For those uninitiated with the plot of Phantom of the Opera, it concerns the eponymous Phantom (Jon Robyns) harassing a theatre troop due to feeling generally unloved and unrequited love to Christine, (Lily Kerhoas) a member of the group whom the phantom has been teaching to sing.

Kerhoas is magnetic as Christine and plays brilliantly off of Robyn's creepy, unsettling demeanour. If Robyns lacks in any department, it's that I never felt his Phantom was as physically imposing as the one I had pictured in my head, but what he lacks in stature he certainly makes up for in vocal ability and stage presence. His and Kerhoas' singing shines most brightly during the titular Phantom of the Opera song, a personal favourite of mine.

What's most immediately and viscerally impressive about The Phantom of the Opera is the sheer scale and grandeur of the proceedings.

The stage design and practical effects are unparalleled to anything I’ve ever seen in a theatre production, let alone London's West End. Of course, there's the famous rising and falling of the chandelier, one that releases sparks and sways deceptively close to the audience, but this is only one of, if not somehow the least impressive set piece in the show.

Some characters seamlessly disappear through the floor with a burst of smoke, magic wands that shoot fireballs, mirrors whose reflections show images not present on the stage and even ghost ships rising from the floor.

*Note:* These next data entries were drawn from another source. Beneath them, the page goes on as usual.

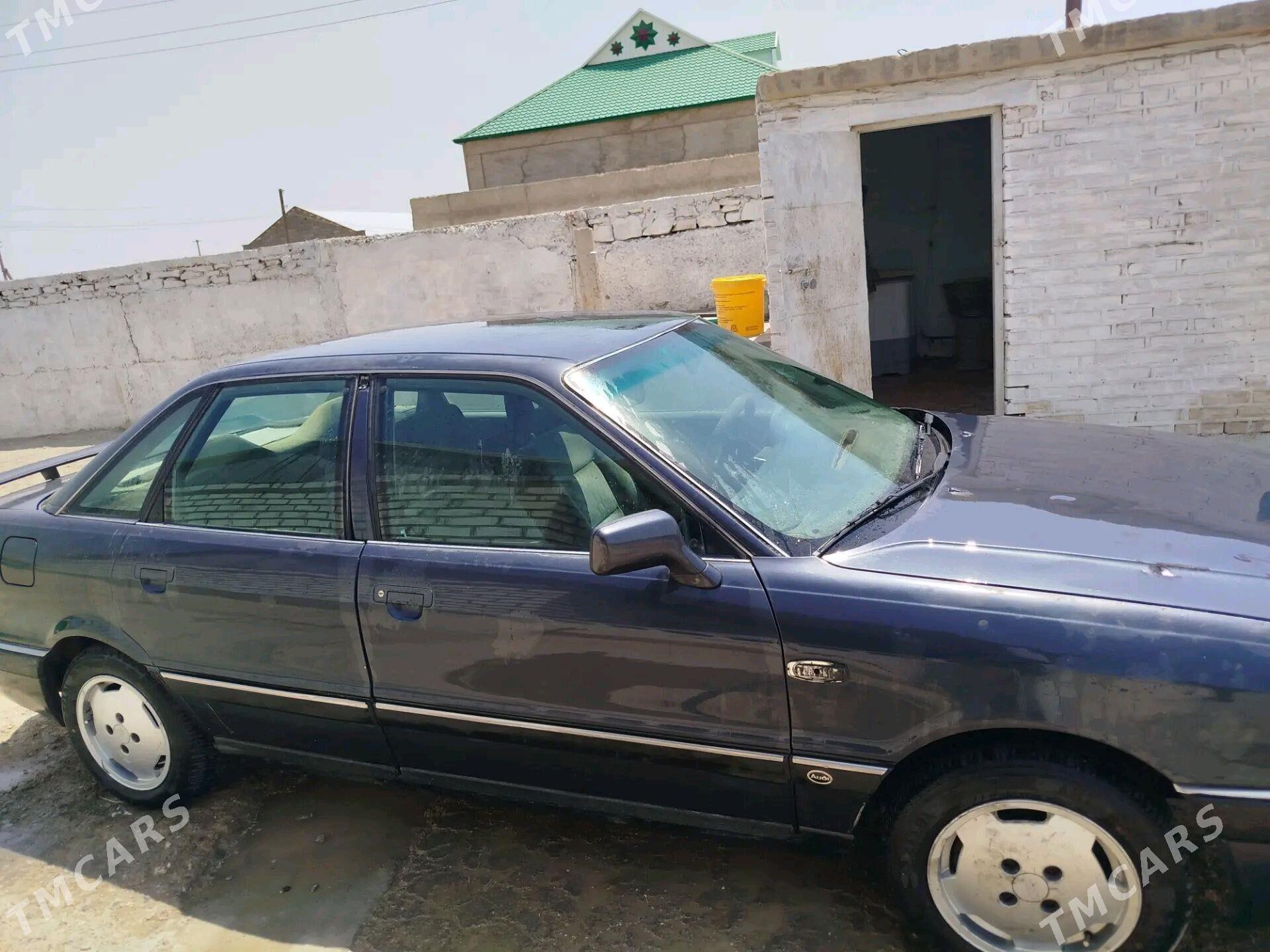 Toyota Camry 1989 - 11 000 TMT - Gyzylarbat - img 1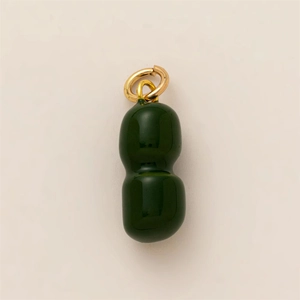 Dettaglio del ciondolo a zucca in smalto verde scuro con anello in oro 18 carati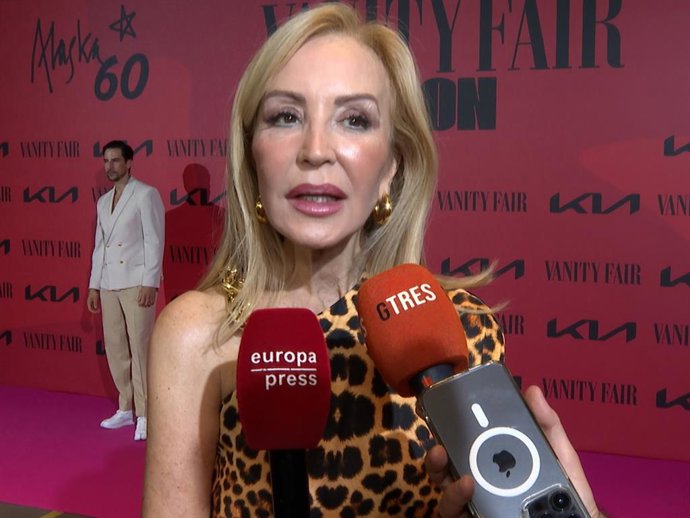 Carmen Lomana en el 60 cumpleaños de Alaska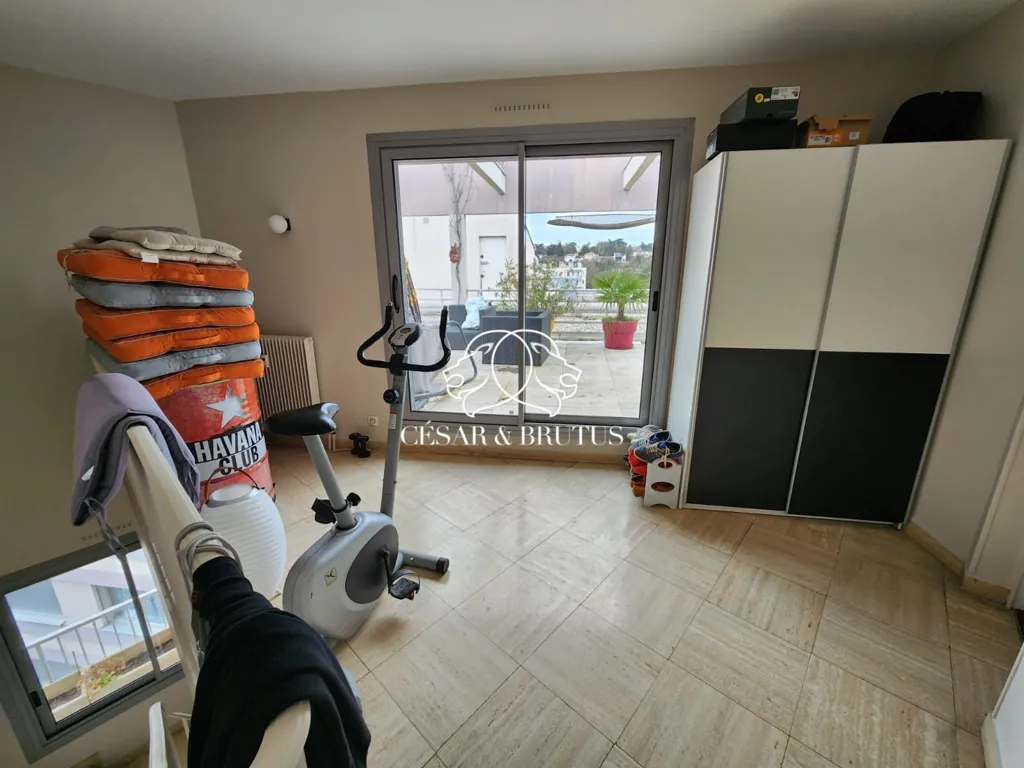 Toad - Luxury Duplex Flat with Panoramic Terrace in Tassin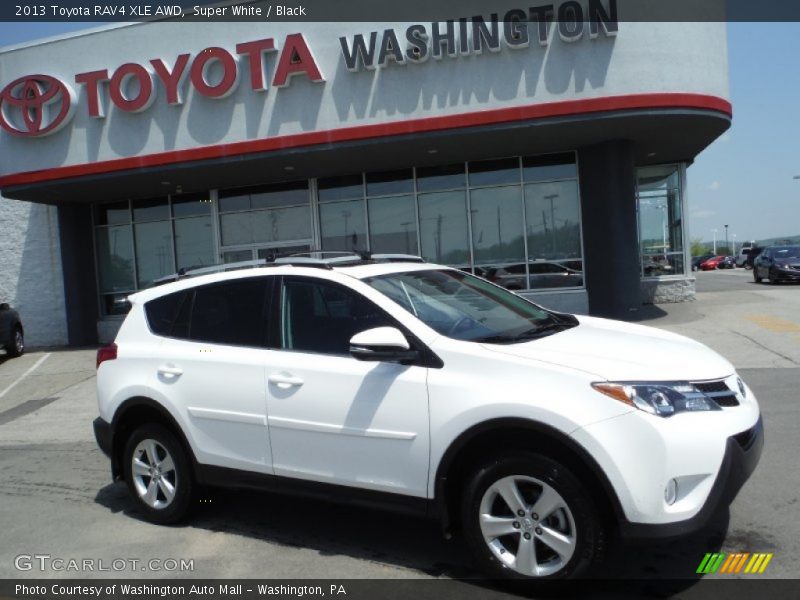 Super White / Black 2013 Toyota RAV4 XLE AWD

The sheer quantity and quality of these impressive tricks turn the performance almost into a magic show with how expertly hidden the mechanics behind them are. These sets are populated by 37 actors in the ensemble and cast, all of which may appear on stage at one time during climatic music numbers or moments.

Watching such a large amount of actors all at once, working at the peak of their craft, ensures you’ll miss some charming details in someone's performance heavily incentivising rewatches. I noticed Carlotta (Kelly Glyptis) was consistently doing something of comic interest or note, yet my focus on her likely caused me to miss dozens of other noteworthy acting choices from the rest of the ensemble.

While it may be tempting to label The Phantom of the Opera as outdated with how unapologetically camp and 80s it is, its complete sincerity and deliberate lack of self-awareness is in part what makes it so charming and enthralling.

It's refreshing to see something so conceptually silly be taken with so much weight and seriousness. It is truly a musical everyone must see at least once in their lives, if not for the music itself then for the spectacle of it all.